Kış aylarının gelmesiyle birlikte Türkiye’deki hava kirliliği tartışmaları kamuoyunun gündemine tekrar geliyor. Kimya mühendisleri, Ankaralıların soluduğu havada sınırların üzerinde miktarda PM10 kirleticisi bulunduğunu açıkladı.
Kimya Mühendisleri Odası Ankara Şube Başkanı Erkin Etike, Ankara Tabip Odası Başkanı Vedat Bulut ve Ankara Barosu Kent ve Çevre Kurulu Başkan Yardımcısı Av.Onur Boyacı bugün yaptığı basın toplantısında şunları belirtti:
Çevre ve Şehircilik Bakanlığının resmi ölçüm istasyonlarının verileri Ankara‘nın havasının kirli olduğunu ispatlıyor. 2018 yılında hava kirliliği ile ilgili sınır değer 254 defa aşıldı. Ankaralıların sağlığı tehdit altındadır. Bakanlık ve Büyükşehir Belediyesi kirliliğe son verecek önlemleri almalıdır.

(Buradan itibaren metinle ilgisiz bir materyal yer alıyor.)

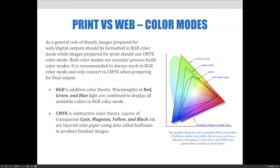The graphic on the right-hand side of the slide illustrates three possible RGB color modes. Each of these modes outlines the specific color gamut it can produce. These are measured and standardized into what are called color profiles. In the graph, there is ProPhoto, Adobe, and sRGB. Notice how each has a different color space and gamut. It's also showing the CMYK color gamut when printing on matte paper.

Meslek kuruluşlarımızın Ankara‘daki hava kirliliği değerlerinin halk sağlığını tehdit edecek boyutlara ulaştığına ilişkin saptamaları yıllardır basın açıklamalarıyla kamuoyuna duyurulmaktadır. Ankara‘nın havasının kirli olduğunu Çevre ve Şehircilik Bakanlığının ölçüm istasyonlarındaki resmi verileri ortaya koymaktadır. Bakanlığı ve Büyükşehir Belediyesini acil önlemler almaya davet ediyoruz. Ne yazık ki yazılan bir kaç resmi yazı dışında bugüne kadar yapılan bir çalışma ve alınmış herhangi bir önlem bulunmamaktadır
Kirlilik sürmektedir. Ankara`nın geride bıraktığımız 2018 yılına ait Hava Kalitesi karnesini bugün açıklıyoruz. Bu kirlilik değerlerini Çevre ve Şehircilik Bakanlığının internet sitesinde tüm yurttaşlarımız inceleyebilirler. Çünkü elde ettiğimiz bütün veriler Bakanlığa ait ölçüm istasyonlarının verileridir.

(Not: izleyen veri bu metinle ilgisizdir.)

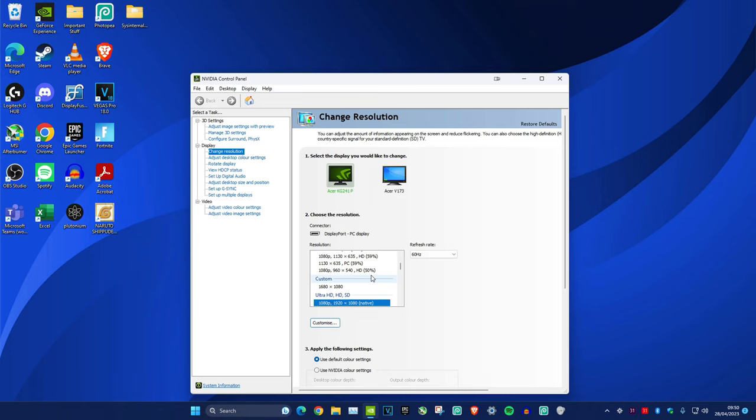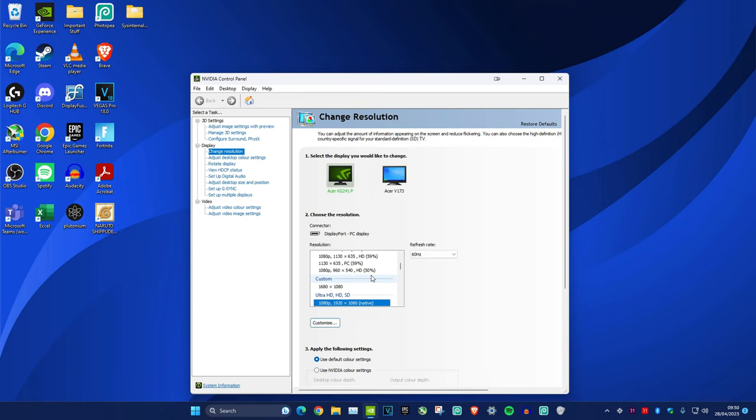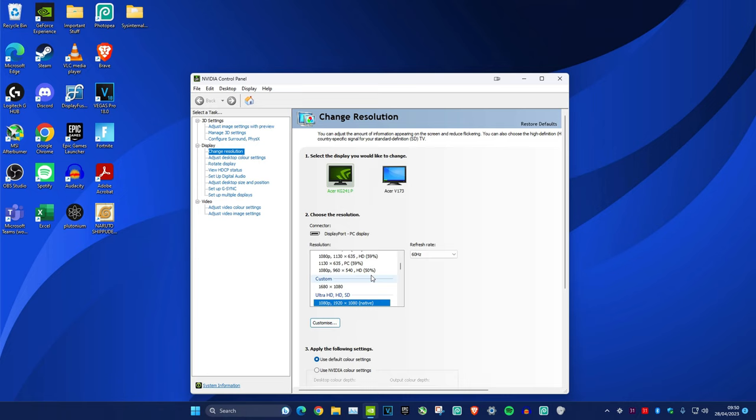Once that loads up, make sure you're in Display > Change Resolution. Currently on 60hz, look for the 144hz option or whichever refresh rate you have available, then click Apply and click OK.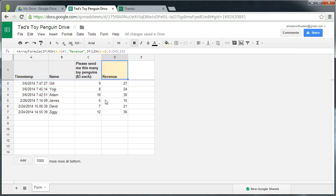So hopefully this gives you an insight into how array formula, which on the surface can appear a little bit complex, how they can be applied down the sheet of form submissions. And thanks for listening.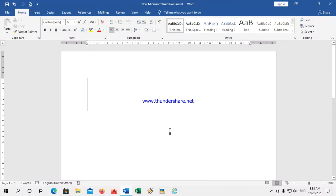Good morning children. We will begin with your next chapter, that is starting WordPad.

Ankara`da PM10 (Partikül Madde 10) hava kirliliği değerleri 8 farklı semtteki istasyonlarda ölçülmektedir.
Ankara`nın 2018 yılı Hava Kalitesi Karnesi
1. Partikül Madde 10 (PM10) kirleticisine ait sınır değer (100 µg/m3) 2018 yılında tam 254 defa aşılmıştır.
2. Partikül Madde 10 (PM10) kirleticisine ait uyarı eşiği (260 µg/m3) 2018 yılında tam 31 defa aşılmıştır.
3. Ağustos hariç yılın bütün aylarında çeşitli oranlarda hava kirliliği yaşanmıştır.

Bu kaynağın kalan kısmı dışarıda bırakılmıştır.